At this instant I see a man of tall stature emerge from the garden-gate and hasten towards us. It is the superintendent. A maiden of about fifteen, of whose slender figure I have more than once caught a glimpse through the garden-gate, holds him by the hand, and seems to endeavor to detain him, or else to share the danger. Two boys appear at the gate, and hurrah loudly; they have no idea of the terrible seriousness of the affair.
The tall superintendent confronts us. He draws his left hand gently from the hand of the maiden and presses it upon his weak chest, which is laboring with the exertion of his rapid walk. The other hand he has raised to command silence, as he is not yet able to speak. His usually pale cheeks are suffused with a feverish glow; his large eyes flash, as if they must speak, since his lips cannot.
And the raging, furious crew understand their language. They have all learned to look up in reverence to the pale man who is always grave and always kind, even when he must punish, and whom no one has yet known to punish unjustly. They are prepared for everything except this, that at the last moment this man should confront them. They feel that their plan has failed: indeed they abandon it.

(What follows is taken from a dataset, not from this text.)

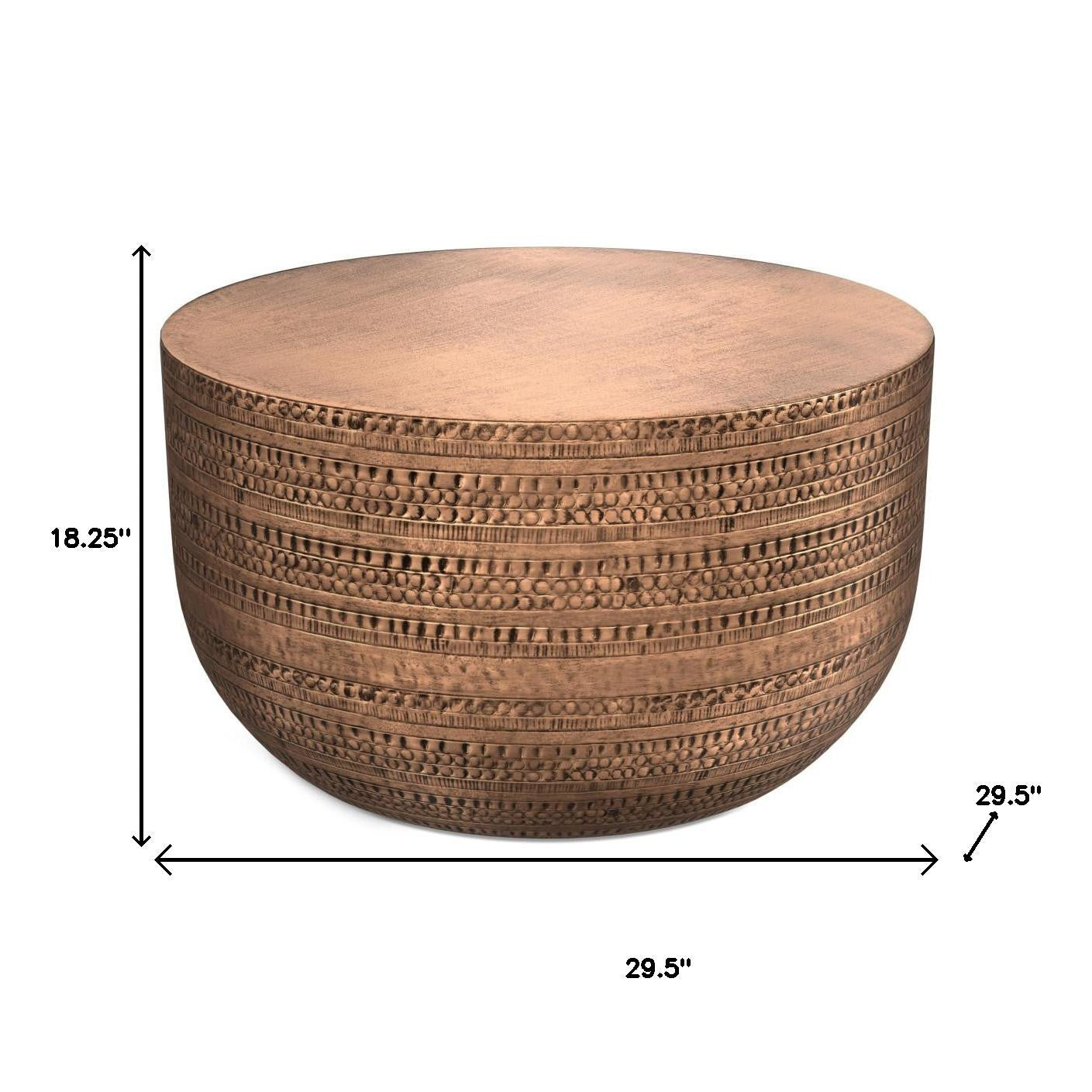 18" Antique Copper Distressed Iron Round Drum End Table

One does not. One is resolved to win the game or lose all. In truth, is not the chance now better than ever? Let yonder man once lie prostrate, who or what could restrain him and the rest?
Giving a yell more horrible than ever issued from the throat of the fiercest beast of prey, he swings high his pick and rushes upon the superintendent. The maiden throws herself before her father. But a better defender is still swifter than she. With one bound he springs between them and seizes the miscreant's arm. The pick, in descending, grazes his head, but what is that to the torments that have been raging in it for hours?

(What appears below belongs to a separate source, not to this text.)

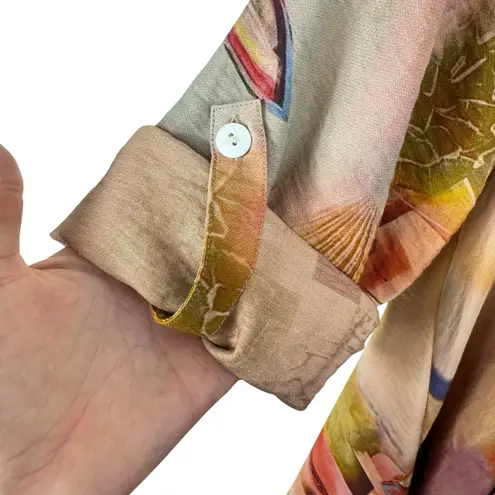 Radzoli Artsy Floral Button Up Collared 3/4 Roll Tab Sleeve Tunic Dress Size S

"Cursed hound!" roars Cat-Kaspar, "have you betrayed us?" and swings his pick again, but has hardly raised it when he is lying upon the ground, and on his breast is kneeling one to whom the delirium of fever has now given the strength of a giant, and whom in this moment no living man could resist.

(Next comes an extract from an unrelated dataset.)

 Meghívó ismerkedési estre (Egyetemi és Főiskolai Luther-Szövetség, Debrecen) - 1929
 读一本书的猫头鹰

In a moment it is all over. For an instant he sees the horribly distorted face of Cat-Kaspar--he feels hands striving to wrench his hands from the man's throat, and then a black night swallows up all.
CHAPTER IV.
A black night which is but a long, long continuation of the dreadful dream, until at last it is broken by rare gleams of soft, dim light, at which the forms of fear grow faint and give way to more friendly shapes. These also melt into deep night, but it is not the old terrible gloom, but rather a blissful sinking into happy annihilation; and whenever I emerge from it the figures are clearer, so that I sometimes now succeed in distinguishing them from each other, whereas at first they melted indistinguishably into one another. Now I know that when the long gray moustache nods up and down before my face, there is always an honest, good-natured old mastiff there, who growls out of his deep chest; only I never get sight of the mastiff, and sometimes think that it is the long gray moustache itself that growls so. When the moustache is dark, I hear a soft voice, the sound of which is inexpressibly soothing to me, so that I cannot refrain from happy smiles, while when I hear the mastiff I would laugh aloud, only I have no body, but am a soap-bubble which floats out of the garret-window in my father's house, into the sunny air, until two spectacle-glasses which have no moustache, are reflected in it. These spectacle-glasses perplex me; for although they never have a moustache, they are sometimes blue, and then they are a woman; but when they are white they are a man and have a creaking voice, while the blue glasses have the softest voice--softer even than that of the dark moustache.
I cannot make out how all this is, and puzzle myself over it until I fall asleep, and when I awake some one is leaning over me who has a dark moustache and brown eyes, and exactly resembles some one that I know, although I cannot recall where and when I have seen him. But I feel both glad and sad at the sight of this unknown acquaintance, for it seems to me that I owe him boundless gratitude for something--I know not what. And this feeling of gratitude is so strong that I draw his hand, which he has laid upon mine, very slowly and softly, for I have little or no strength, to my lips, and close my eyes, from which happy tears are streaming. I have something to say, but cannot recall it, and fall to thinking it over, and when I again open my eyes the form is gone, and the room vacant and filled with a dim light, and I look around in surprise.